La Ferrari F40, un mythe dans tous les sens du terme, s’offrait à 280 000€ en 1986, 750 000€ (5,000,000 frs) pour une McLaren F1 entre 1993 et 2000.  Aujourd’hui, une série limitée de Countach LP 800 réalisée sur une base d’Aventador  s’affiche à 2,2 M€ (1/122 exemplaires , et la Voiture Noire de Bugatti a pour principal faire valoir un tarif qui frôle les 10M€.
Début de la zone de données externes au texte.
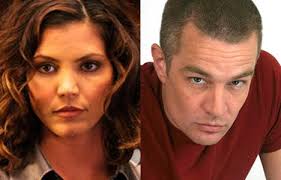 One of the questions at the james marsters and charisma carpenter panel at the wizard world philly comic con was: Buffy S Charisma Carpenter And James Marsters To Guest On Supernatural Ign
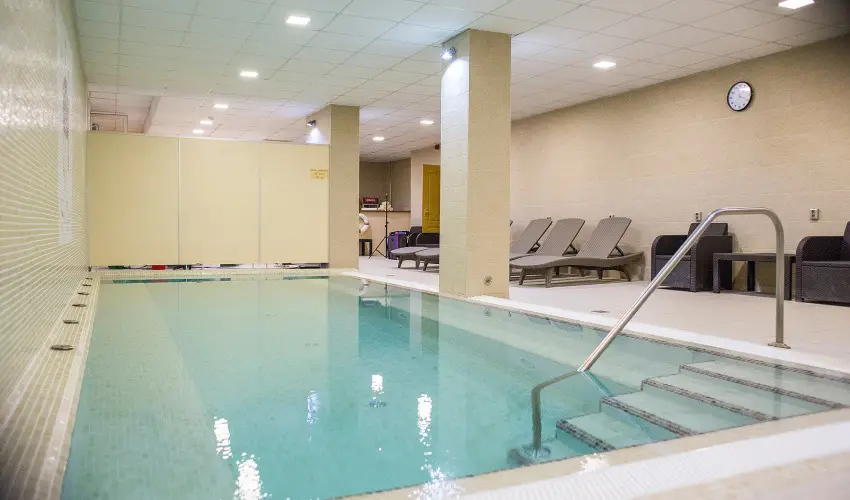 Szent István Hotel Eger - Kedvezményes ár családok részéreak reggelis ellátással (1 éjtől)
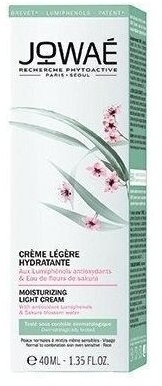 JOWAE Lekki Krem nawilżający 40 ml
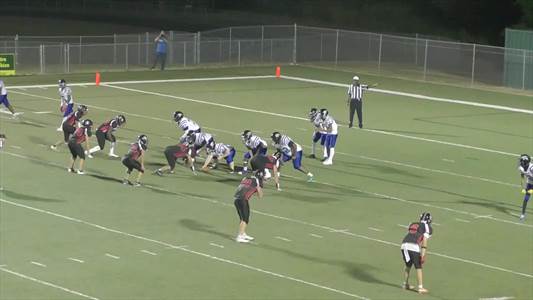 Football Game Preview: Carolina B Bearcats vs. South Wake Lions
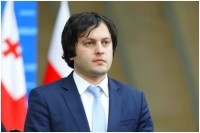 ირაკლი კობახიძე: „ნაციონალური მოძრაობა“ არ ასრულებს ელჩების წინაშე დადებულ პირობას, რაც მეტყველებს იმაზე, რომ ის არის კრიმინალური და ანტიდასავლური პოლიტიკური ძალა   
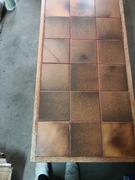 Ława ogrodowa dembowa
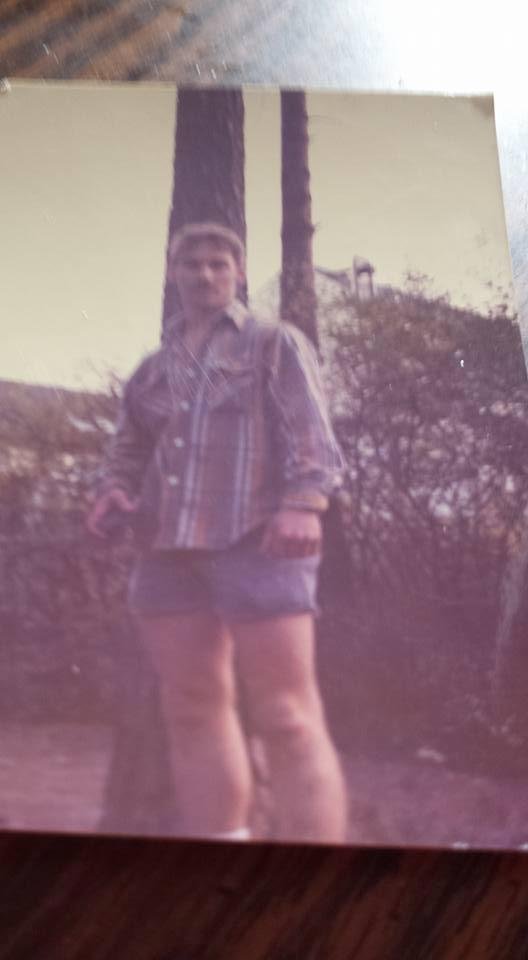 Debbie Staus' album, Mobile Uploads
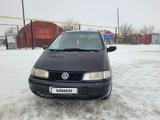 Volkswagen Sharan 1998 годаүшін1 500 000 тг. в Актобе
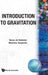 Introduction to Gravtitation (B/H) by Venzo de Sabbata, Maurizio Gasperini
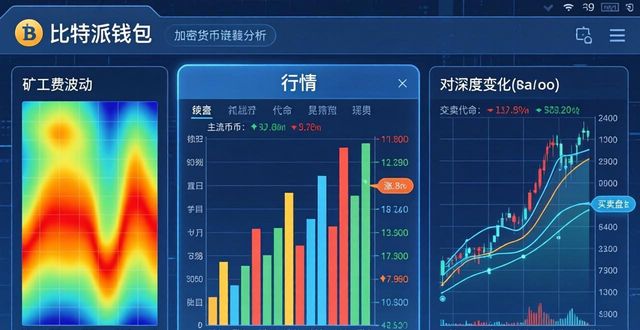 如何通过比特派下载网址获得行业洞察？_2018比特派app_比特派团队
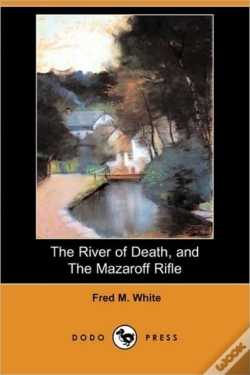 Capa do artigo The River Of Death, And The Mazaroff Rif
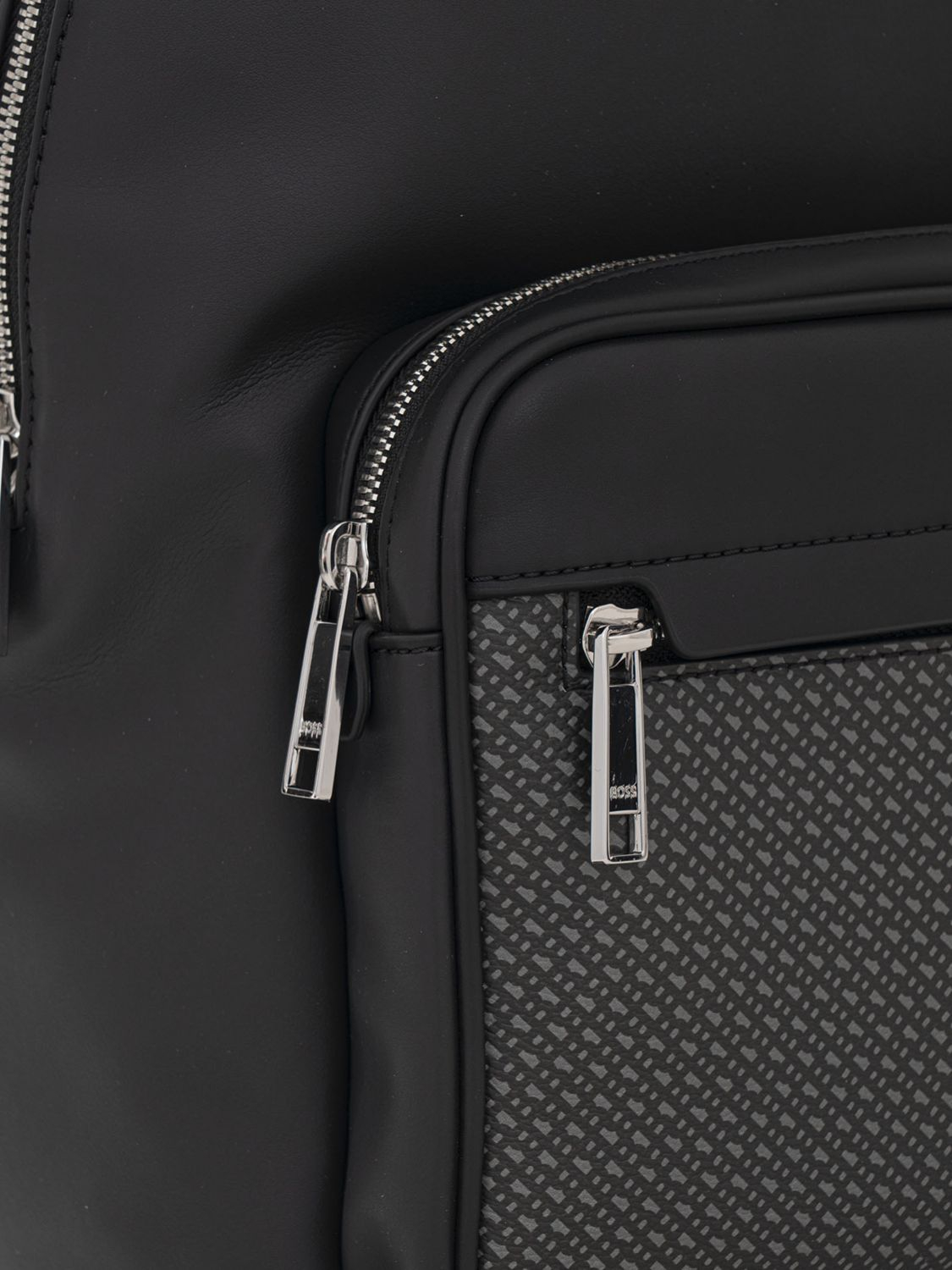 [BOSS] Backpack SS26 50558195 001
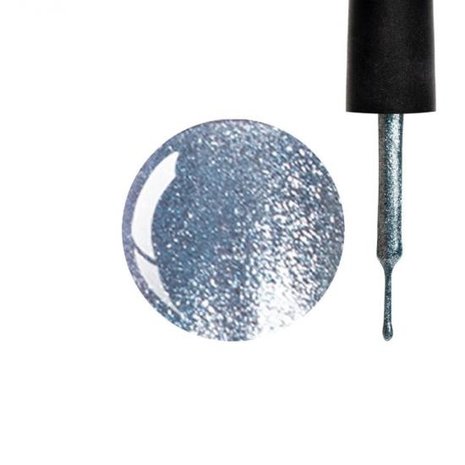 Florence Nails Florence Nails Nail Lighter Mermaid  10 ml TPO/HEMA vrij Florence Nails Florence Nails Nail Lighter Mermaid  10 ml TPO/HEMA vrij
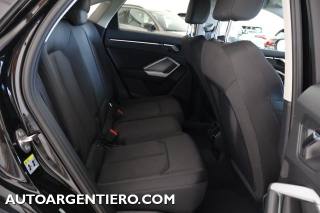 AUDI Q3 usata, con Sistema di chiamata d
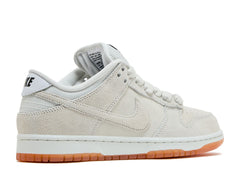 Dunk Low SB Pale Ivory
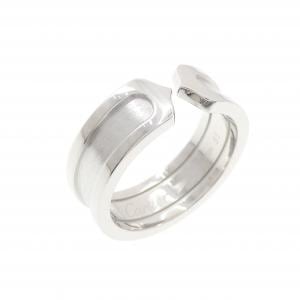 カルティエ C2 スモール リング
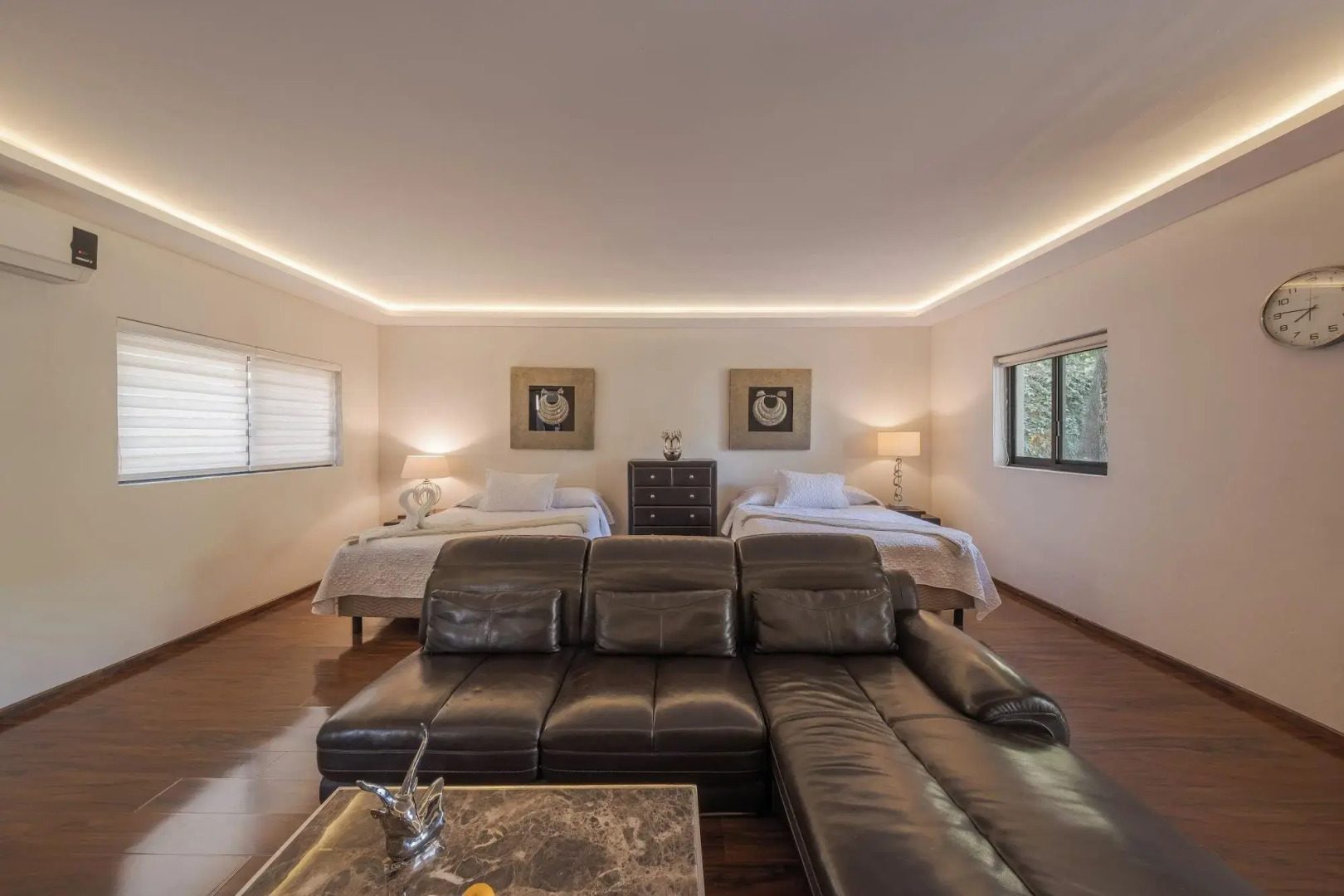 Nimue Marina Residence & Hotel Boutique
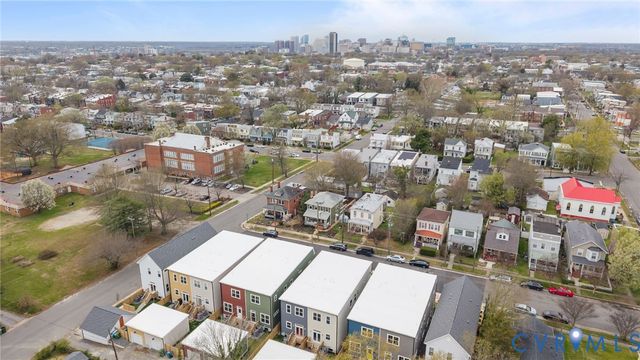 905 N 36th St, Richmond, VA 23223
Le prix est devenu une composante du prix, une étrange mise en abîme héritée de la multiplication des clients potentiels de telle véhicules et de leur volonté de se distinguer non pas leur choix de vie, leur pilotage mais par leur capacité à acquérir un objet rare. Aucun jugement de valeur de notre part ; le phénomène a seulement pour corollaire cette dérive et une certaine déshumanisation d’une industrie qui jouxtait naguère les univers de l’art et de la philosophie.

Huracan Sterrato, illustration by BSS® and TMIC® support. Death Valley

« una grande opportunità ? »

Quitte à déjeuner dans un endroit hors de prix et après avoir disserté des tarifs tant et plus, mangeons ! Alors à l’heure du choix, et sans prétendre à désigner le plus gentil…  L’objectivité commande de trouver plus de panache à cette Huracan débridée de 610ch qu’on imagine sans mal en accessoire polychrome du Prochain Guardians of the Galaxy. Et puis finalement, le surcoût est presque anecdotique : 70,000$ de plus que l’Huracan Evo (200 000$ – Sterrato est MSRP : 275 000$ ), c’est finalement plus digeste que les +100% que Porsche applique au Badge de la Dakar ( 992 Carrera S 113,200$ – 992 Dakar, 2500 ex, MSRP est : 225000$) 


@bonneville ne sera certainement pas d’accord avec moi, mais ayant commencé l’article avec un certain sentiment et le terminant sur un autre, je suis heureux de ce petit voyage qui m’aura défait de l’idée de mon désir d’attribuer des bons et des mauvais points, ou de juger quoi que ce soit. Reste l’inquiétude d’un manque de substance, ou du moins de ce que je suis porté à ressentir comme tel. Let’s hope for the best.